Dog is depressed.

The short days and cold weather this time of year can have all of us feeling a little glum. Pets can feel the vibe, too, and sometimes are affected by a down mood, just like people. Volunteer Veterinary Hospital hopes to help pet owners recognize if their dog is depressed so that they can help man’s best friend feel better. 

Signs Your Dog is Depressed

Depression and other forms of mental illness can happen in our pets. Because they don’t talk to us, though, sometimes these issues can go undiagnosed.
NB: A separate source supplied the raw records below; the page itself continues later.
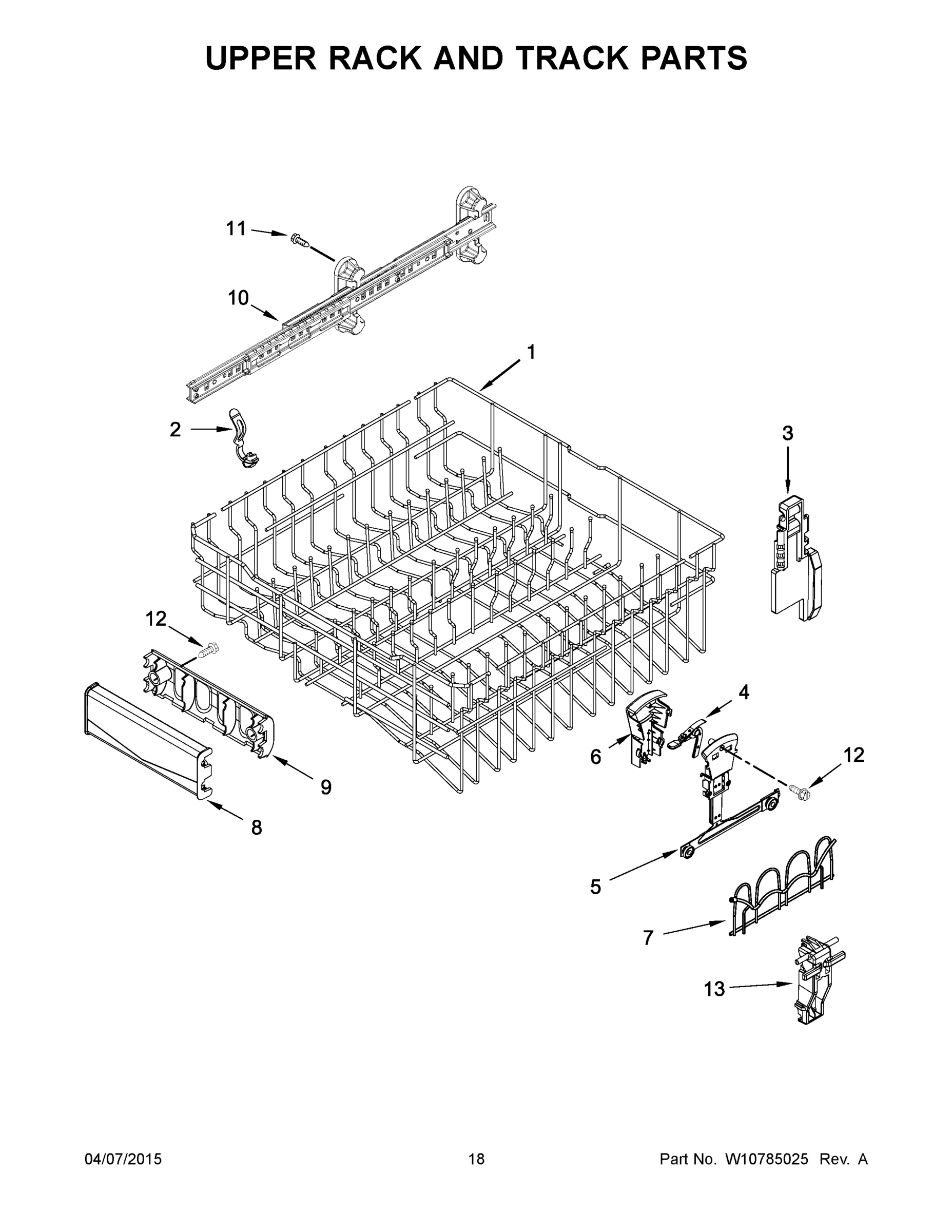 10 - UPPER RACK AND TRACK PARTS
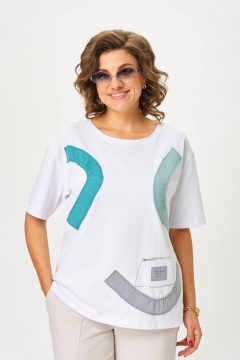 Брюки, футболка Anastasia 1212 белый/бежевый - фото 3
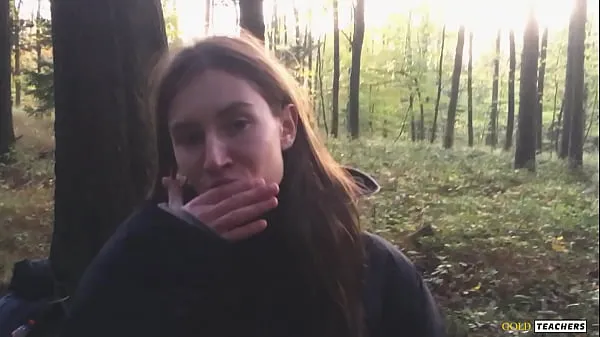 Big Young shy Russian girl gives a blowjob in a German forest and swallow sperm in POV (first homemade porn from family archive top Clips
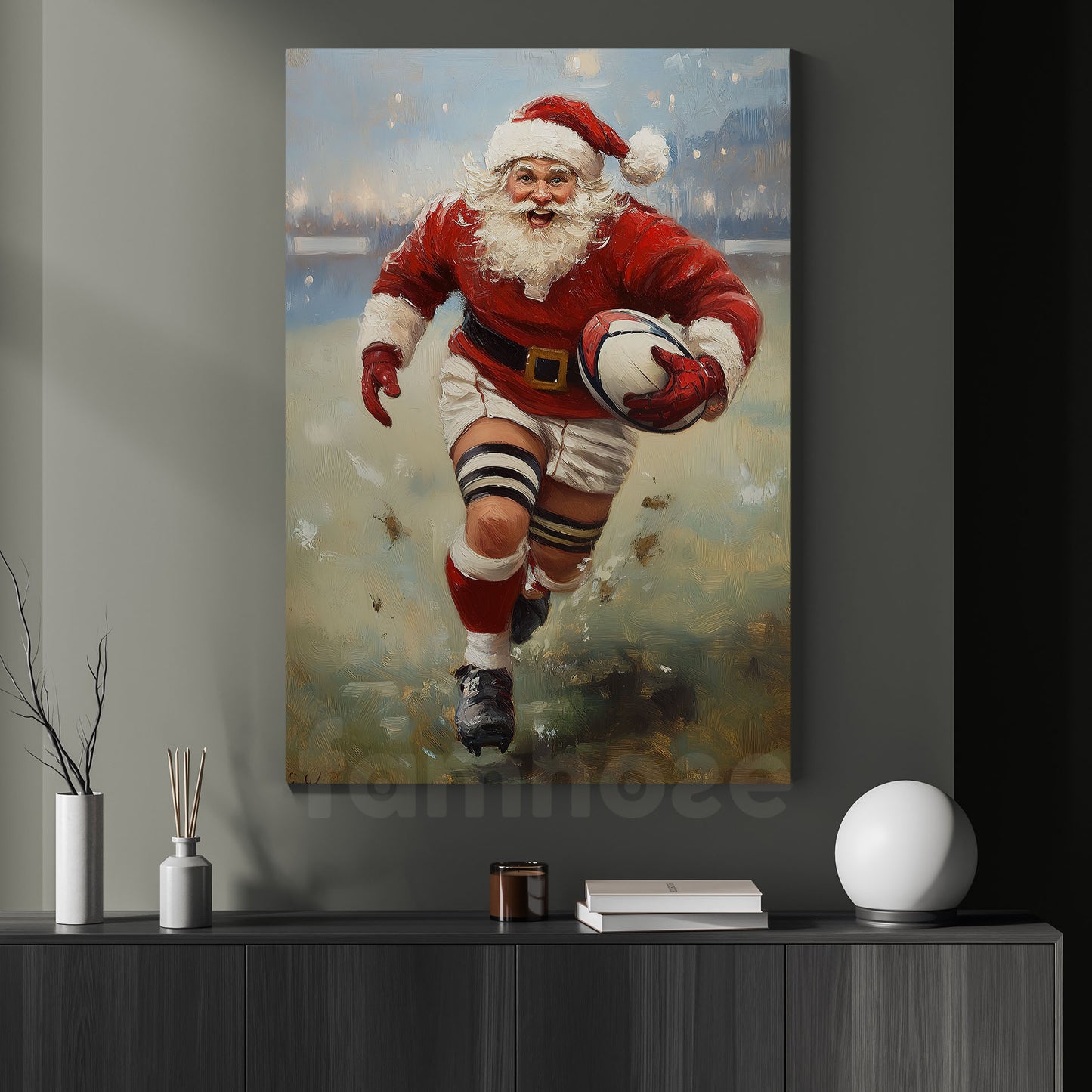 Christmas Rugby Canvas Painting, Santa Claus Playing Rugby Sports Wall Art Decor, Poster Gift For Rugby Lovers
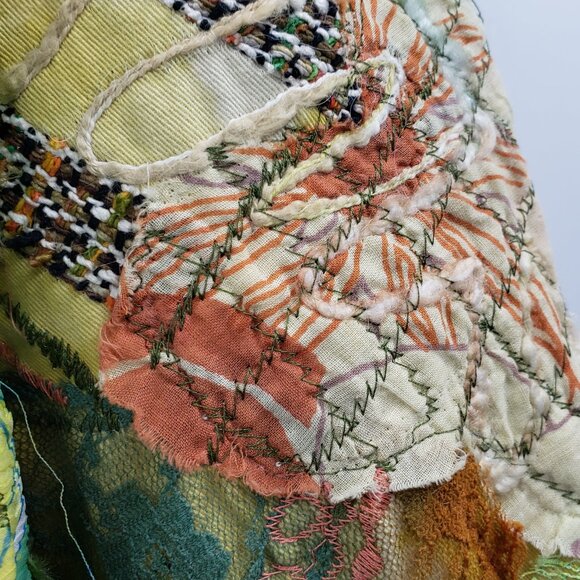 Vtg Chico's Embroidered Patchwork Jacket Size 12 Multicolor Lace Silk Artsy Boho - Picture 9 of 10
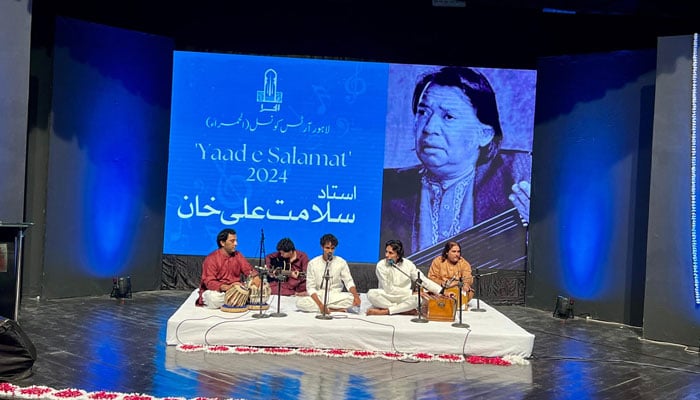 Classical musicians perform on stage during a two-day event titled “Yaad-e-Salamat” to honour the legendary Ustad Salamat Ali Khan on September 11, 2024. — Facebook/Alhamra Lahore Arts Council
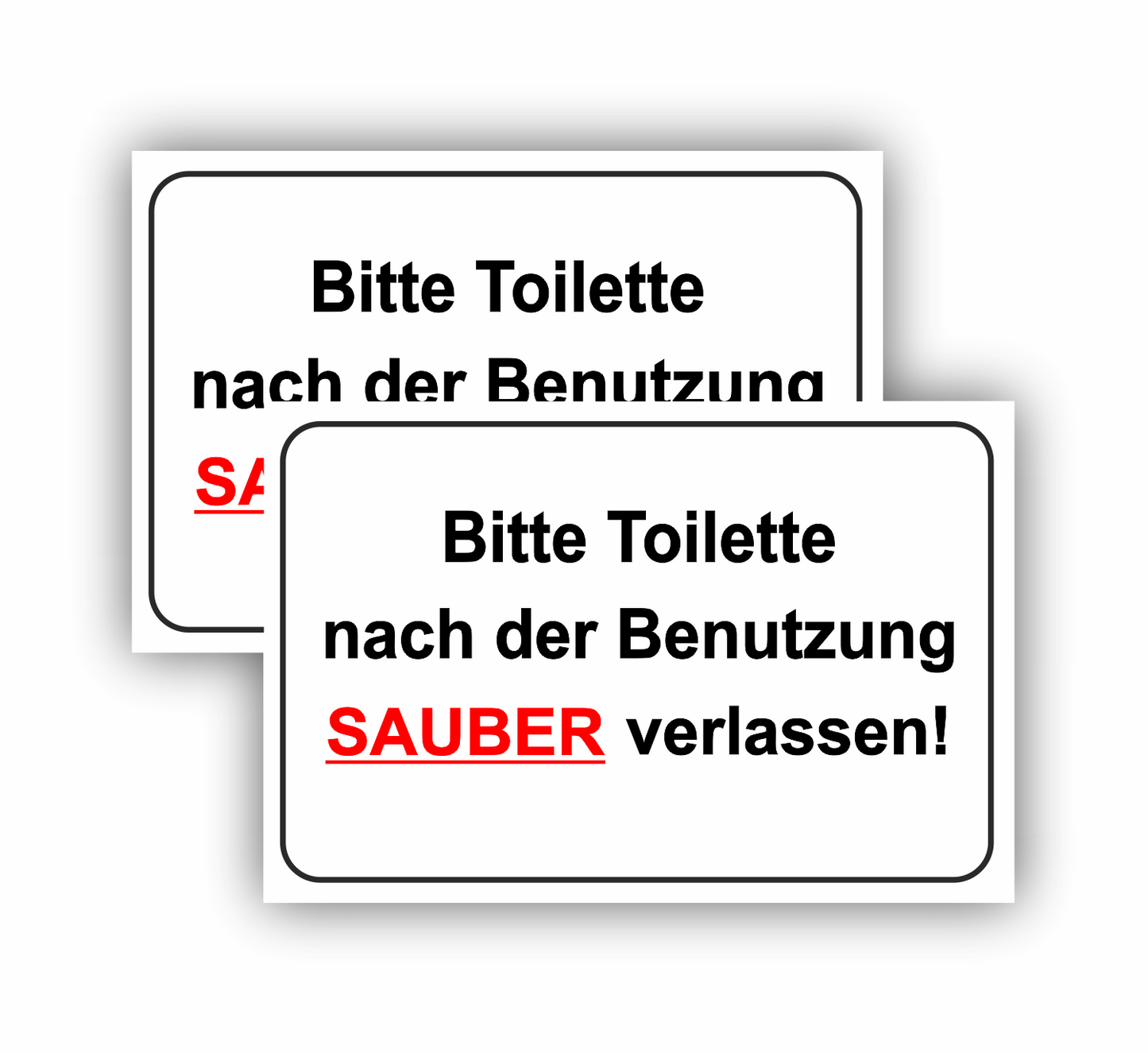 Aufkleber - SET Bitte Toilette sauber verlassen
Depression, in particular, most often occurs when a pet has been through some type of life change or traumatic event. These might include loss of a human, loss of an animal companion, or major change in routine. 

Depression in dogs can manifest in different ways. Some signs that you might want to intervene can include:

  • Increased time sleeping
  • Loss of appetite
  • Changes in housetraining
  • Hiding
  • Changes in normal personality traits and behaviors 
  • Obsessive behaviors like pacing or overgrooming

While it might be easy to blame these types of changes on depression, there are definitely other medical problems that can have similar symptoms. It is always best to contact us when your pet has a dramatic change so that we can investigate possible causes of a problem.

Cheering Up Your Pup

The first thing to do when you think your pet might be depressed is to have an examination performed to rule out other medical issues. Nothing is worse than not treating a problem that is painful or otherwise harmful because we didn’t recognize it was there. 

Once we are sure that there isn’t a physical cause for your pet’s symptoms, we can focus on techniques to help boost your pup’s spirits. 

You might make an effort to:

  • Add predictable exercise into your pet’s routine
  • Get your dog’s brain working though puzzle toys, games, and training sessions
  • Up the touch factor with grooming or snuggle sessions
  • Get your pet out of the house for a trip to a friend’s house, puppy play date, hike, or dog park excursion
  • Socialize with other pets if your dog enjoys doing so
  • Make your pet’s day-to-day schedule as reliable as possible
  • Groom your dog
  • Enrich your dog’s environment

If your dog has the blues, putting a little energy into creating a stable and loving home environment can go a long way. If the problem is long-standing or seems to be worsening, please don’t hesitate to reach out. In some situations more aggressive intervention is needed.

You know your dog best, and if you think there is a problem, it is never wrong to seek help. You are your pet’s advocate, and we appreciate you taking the job to heart. Contact us at (865) 609-0311 with any questions or concerns about your pet’s mental health.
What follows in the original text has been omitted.